What a great way to start the day! I mean having a group that basically puts up with my friend and me the first thing every Thursday morning is one thing, but paying for the privilege is if not extraordinary, then at least worth mentioning.
If you follow this little piece every week, you know by now that the writing of it is preceded by a pre-dawn visit to the OPH across from the EP Mall. We open the place, go straight to our booth and don’t need menus. I’ve been doing this with someone from church for 6 and half years now, and so he and I are something like regulars in the place. Servers other than the one serving us will stop by to chat; the manager Jake always has a something to say. I’ve even officiated at the wedding of one of the servers.
A few months ago J. T., one of the servers we talk with every week, was going on about all the details and costs leading up to his wedding. When he got to the part about who would do the service, I wiped the bacon grease from my mouth, pointed to myself and said, “Free Wedding, at least a a $200 value.” He took me up on it, and a few months later I was standing in front of J.T. and his bride on the top floor of whatever they call IDS tower these days.
I suppose encounters like this are not really unusual or extraordinary. After 6 and half years, people get to know people and people who run restaurants find a way to say thank you to regulars. Still all this means something to me and stirs enough in me to want to tell you about it.

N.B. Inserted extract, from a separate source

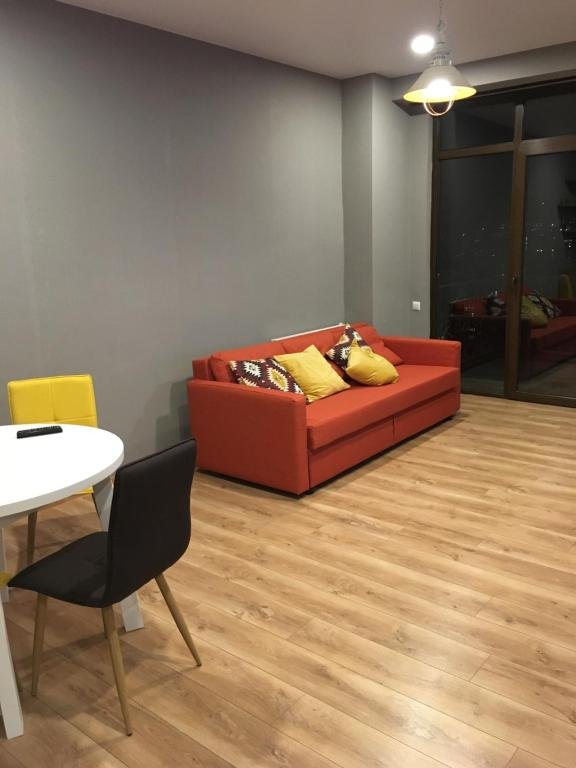 Тбилиси: 60 sq.m apartment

Just what that is, I’m not so sure… but it has something to do with realizing that you are included in a small way by a community of people that you have no right to claim membership in. I know it’s just a group of servers and managers and cooks in a restaurant of all places, but for me when I opened that card or when J.T. asked, “is that offer was still good?” it was humbling.
By humbling I don’t mean anything like the belittling that word often describes. I’m talking about that overwhelming sense of surprise, that recognition of an unearned, undeserved, unmerited grace being offered.
It’s experiencing that deeper sense of where grace is shared in my life that relationships, like the ones I experience every Thursday morning at OPH, help me believe in the deepest sense of love and support and acceptance God showers on us in the birth of Jesus. Perhaps the miracle of God coming to be one of us in the Christ Child is that what we think of as most unusual or even extraordinary is an every moment, every day kind of thing for God.